Building in Troy, New York, US

The Carnegie Building is the current home of the Cognitive Science Department at Rensselaer Polytechnic Institute in Troy, New York. It is one of the westernmost buildings on the campus and as such provides scenic views overlooking the city of Troy and the Hudson River. The four-story building is named for Andrew Carnegie who donated $125,000 for its construction, which was completed in 1906.

Carnegie Building

==History==
Fires in 1862 and 1904 damaged buildings of downtown Troy and the RPI campus. The destruction in 1862 prompted the construction of the Main Building (literally the main building of Rensselaer at the time). The destruction of the Main Building in 1904 prompted the institute to consider expanding the campus. Being built around a hill, the Institute considered extending the campus downhill within the downtown Troy area and even considered leaving Troy altogether by accepting Columbia University's proposed merger with its New York City campus. Ultimately, the decision was made to remain in Troy but move uphill, away from the downtown area.

In 1905 Andrew Carnegie donated $125,000 to replace the Main Building. As part of the institute's plan to move uphill, the 10 acre Walter Phelps Warren estate was acquired. There the Carnegie Building was erected, made of Harvard brick and Indiana limestone. It was completed in September 1906 at a cost of $133,000. The Carnegie Building was dedicated along with the Walker Laboratory on June 12, 1907.

==Architecture==
The building was designed by architects Whitfield & King. Henry D. Whitfield was Andrew Carnegie's brother-in-law.

In addition to being built with Harvard brick and Indiana limestone - concrete was used, steel floors, and partitions were used to split rooms. This fireproof building had terrazzo floors and its walls lined with white tiling.

On the first floor, the four large recitation rooms were utilized by the departments of Geodesy and Drawings while the second floor was occupied by the department of Mechanics and Mathematics.

The third floor has a small drawing room and several classrooms. The topmost fourth floor consisted of the largest drawing room of its time (sixty by one hundred feet,) with a small side room for blue-printing.

The walls of corridors and the underclass lobby contain drawings and photographs of structures designed by RPI male students, while the walls of the upperclass lobby contain etchings of familiar classic figures.

"...Located at the head of the entrance of the Institute grounds; the interior is admirably arranged for the purposes intended, well lighted, heated and ventilated; which all go toward making the work of the students easy."

==Current research==
The building is home to the Cogworks laboratory, which directs research in cognitive science.

The research and doctoral program taking place in the Cognitive Science Department is currently having its current goals set on integrating an interdisciplinary department where the research and teaching is aimed at three powerful, driving ideas:

- "Next generation" artificial intelligence: designing and constructing artificial cognitive systems that can span across the full range of cognition, from the low-level perception/action to a high level of reasoning.
- "Next generation" computation cognitive modeling: designing and implementing cognitive architectures so that they go beyond the current available structure towards Allen Newell’s original dream of a design that accurately reflects the full range of cognitive processes present in natural cognitive systems.
- Cognitive engineering: engineering the interface between the natural cognitive systems and task environments by exploiting experimental data.

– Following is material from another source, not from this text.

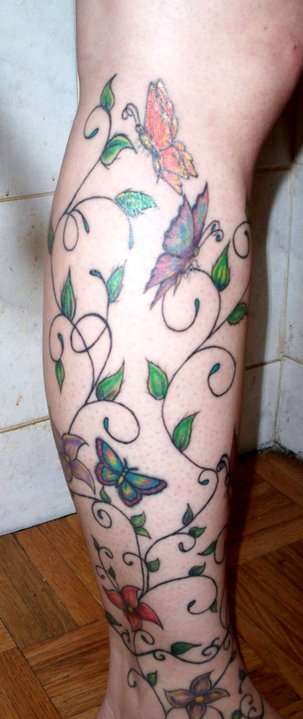 RT LEG tattoo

One small program that is held in this building is the Experimetrix where students could sign up to participate in experiments that deal with how the brain works or cognitive science. Graduate students and professors work together to collect data and in turn analyze them for further development in cognitive research. Students being participants for this research allows them to receive extra credit for their course if allowed by their professor. This area of experiments is currently being held on the second floor of the building.

There is also the closely related Rensselaer Artificial Intelligence and Reasoning (RAIR) Laboratory, which is located in the Russell Sage Laboratory.